Starting with a side note, there is actually a sexy shrimp. Who knows if there is an eponymous 'sexy fish' here but thor amboinensis, aka the squat shrimp, is also named the sexy shrimp. I don't know if you can eat it but they're found from the east Pacific to the west Atlantic oceans.
Sexy fish on the other hand, is found in Mayfair. Right on Berkeley Square. Ready with doormen to greet you.
It's busy, very busy. It's a Wednesday night and it's packed. There isn't a free table around, bookings are incredibly necessary. It's loud too – the convergence of 100 conversations echoing with the pumping music in the background.
There is a shiny, black crocodile on the wall.
This is as gaudy as restaurants get, but that's why you want to come – it feels rather like an experience, than a dinner. But if it is just dinner you're after, then you're also in luck because not all the money went on those Damien Hirst mermaids, they put some thought into the food.

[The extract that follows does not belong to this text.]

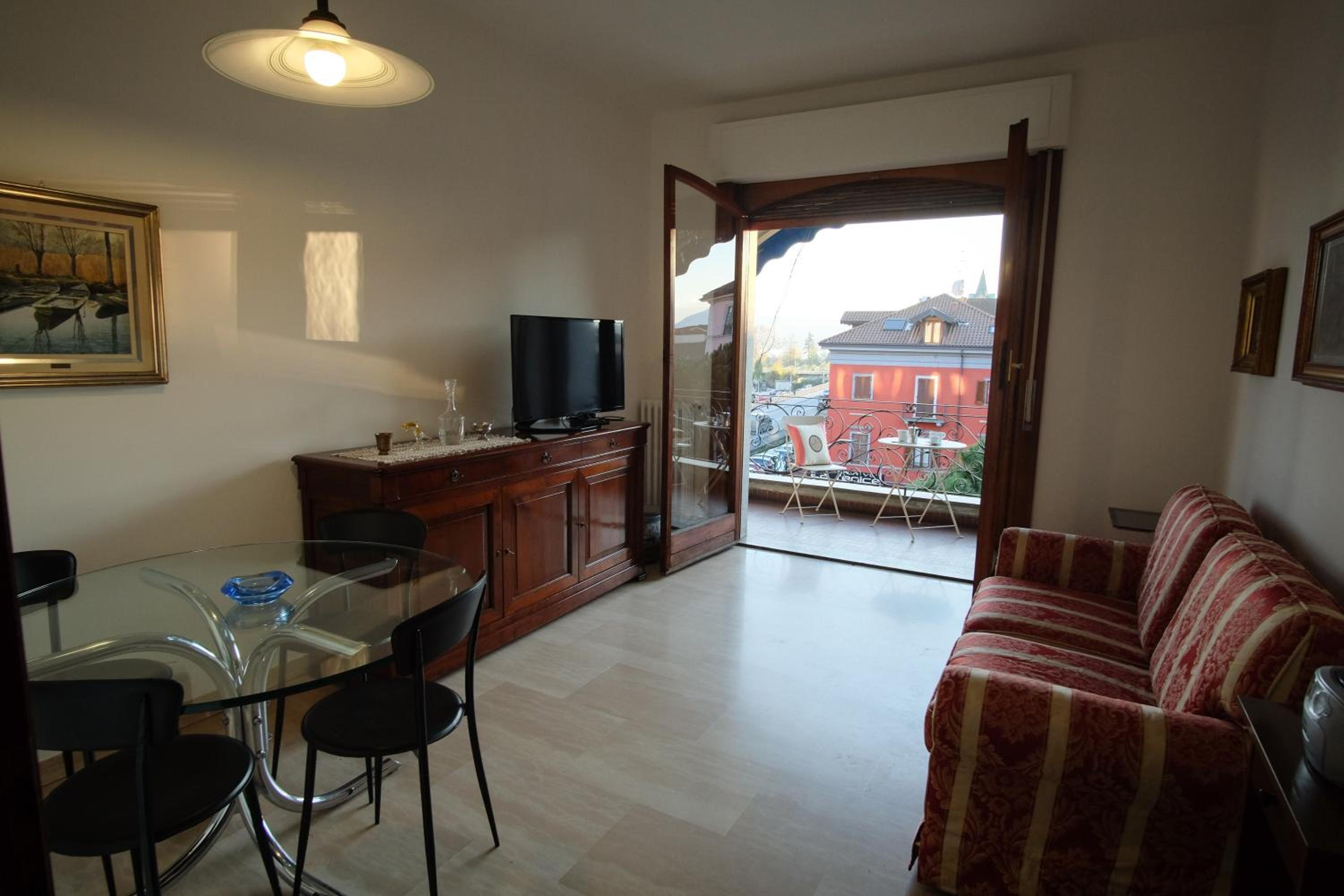 One-Bedroom Apartment with View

The evening managed to start out with my favourite, an octopus carpaccio that you'll want to carry around, nibbling forever, licking the lime-y, tangy dressing from your fingers. It then went on the only real disappointment of the night: the sushi. The california maki wasn't bad but the sexy fish roll was three different kinds of fish that you couldn't really taste because of all the greens that had been crammed in, overpowering the whole thing.
Things sparked up again with the baked Alaskan crab that so perfectly melted in your mouth, made sexier with the sour cream dipping sauce. My dining partner texted the next day to say she was still thinking about it.
The mixed vegetable tempura was lovely with a dashi broth beside and the grilled avocado had another wonderful lime-y dressing; I wasn't so fussed about the tofu beside it but across the table was a big fan.
The scallop and monkfish yakitori got better as we made our way to the inner portions of the skewer, down the well cooked, meaty chunks. The miso-glazed Chilean sea bass rounded everything off immaculately and left us somehow full but wanting more.
Just at the end, we shared a single scoop of lychee and rose sorbet that acted as a perfect cherry on top of the proverbial sundae – on top of the actual sorbet was a wafer in the shape of a fin; sexy, indeed.
The prices are not for the faint-hearted, you might need to breath a little before you get the bill, but the food was fantastic overall and the lux atmosphere is an extra pull. But again, book well ahead.